Quando se chega a 1955, a linguagem está bastante sistematizada e suficientemente estável para integrar o aparecimento de novas formas. Os compositores dão-se conta de que, fora do contexto tonal, não há nenhuma razão para que as formas musicais tenham obrigatoriamente de constituír percursos unívocos do ponto de vista narrativo, ciclos fechados sobre si próprios. A influência tardia de Joyce faz-se sentir no panorama da composição musical.

No contexto da tonalidade, as formas clássicas dependem de um sistema fechado, onde o percurso tonal, efectivamente unívoco, circunscreve a forma. À linguagem tonal (que podemos comparar a um modelo fixo do universo, um sistema gravitacional perfeitamente estável) correspondem logicamente formas fixas. Numa linguagem onde a poética é por definição aberta (podemos compará-la a um modelo do universo em permanente expansão), o novo domínio formal pede, naturalmente, novas formas, elas próprias em expansão, elas próprias abertas. Chegamos assim ao domínio da forma aberta. A forma aberta, porém, tal como a encontramos ao início, por volta de 1956 (Stockhausen e Boulez), assentava em sistemas seriais "íntegros", por assim dizer. Mas à medida que a própria noção de forma aberta se desenvolve, o sistema modifica-se profundamente, desgasta-se.

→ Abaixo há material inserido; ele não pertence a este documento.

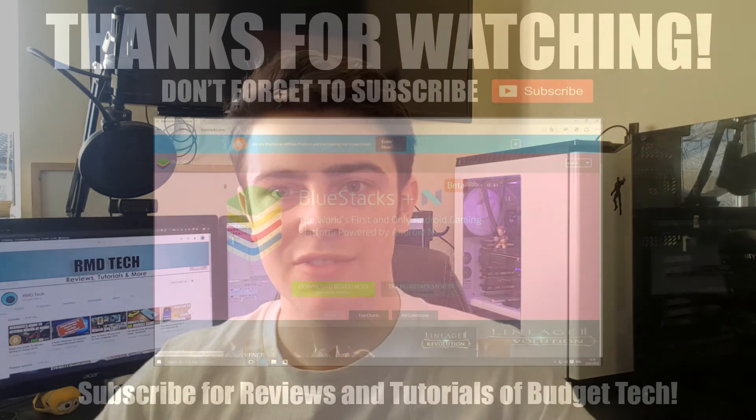If you found this review helpful, please hit like and subscribe. Don't forget to leave a comment — let me know any feedback or future reviews you'd like me to do. In the meantime, make sure you watch the video coming up on screen now.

Em Stockhausen, por exemplo, cada fragmento da forma acaba por exigir uma tal individualização que requer pólos - quase "tónicas" no sentido tonal - que identifiquem, que valorizem e que incarnem, digamos assim, a sua singularidade: é o fim do hiper-relativismo serial e da sua famosa abolição do princípio de identidade. Não é por acaso que Momente se apoia numa morfologia harmónica quase inteiramente tonal: acordes maiores ou menores, maiores e menores, ou diminutos (ainda que Stockhausen desfigure completamente o sentido primeiro dessa morfologia, com é evidente: de facto não ouvimos um único fragmento de Momente em função da tonalidade, apesar da constituição factual da materia harmónica).

Ou seja, em meados dos anos 1950 estávamos em presença de uma linguagem que induz o aparecimento de uma nova tipologia formal e, menos de 10 anos depois, o fenómeno inverte-se: a conquista dessa nova tipologia formal vai aniquilar o universo linguístico que lhe deu origem. Esta pequena observação fascinou-me, e a análise de "Momente" foi levada tão longe que acabou por constituir o tema único do meu doutoramento.

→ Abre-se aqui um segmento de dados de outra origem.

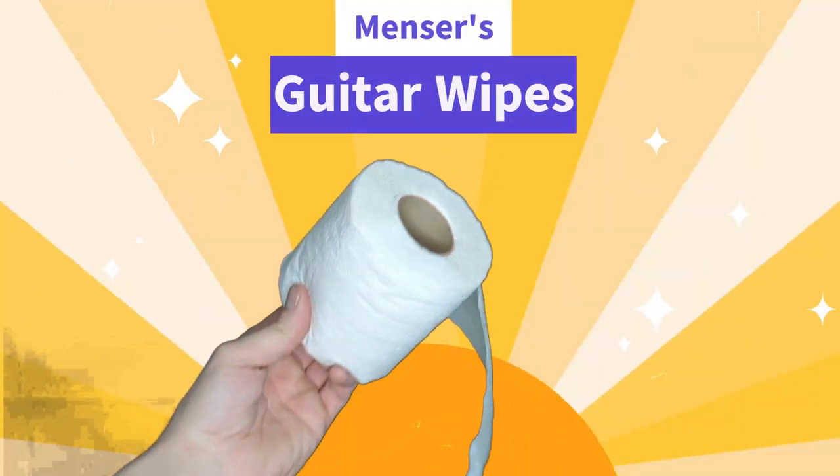But wait, there's more! Act now and you'll receive a roll of Mincer's Special Guitar Wipes.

O Conceito de forma na obra de Pedro Amaral

Penso sempre a forma como "coisa em si". Nesse sentido, há uma diferença fundamental entre as minhas ideias e as de Emmanuel Nunes. A forma nas suas obras é um resultado directo, praticamente, da articulação dos conteúdos que se encadeiam, não uma dimensão trabalhada em si mesma. Nesse sentido a lição de Stockhausen terá sido fundamental para mim. Não para forjar a minha técnica (a técnica de Momente é irrepetível), mas permitiu-me identificar e reforçar algumas das minhas próprias reflexões no domínio da forma. Há, porém, outros autores e obras que me influenciaram tanto, neste sentido, como Stockhausen. Talvez mesmo mais. É o caso de Proust. A obra de Proust, é para mim fundamental enquanto compositor e enquanto fruidor no sentido mais básico. É uma leitura que cultivo há muito anos, que acabo e recomeço permanentemente, como se deambulasse por uma cidade em permanente redescoberta.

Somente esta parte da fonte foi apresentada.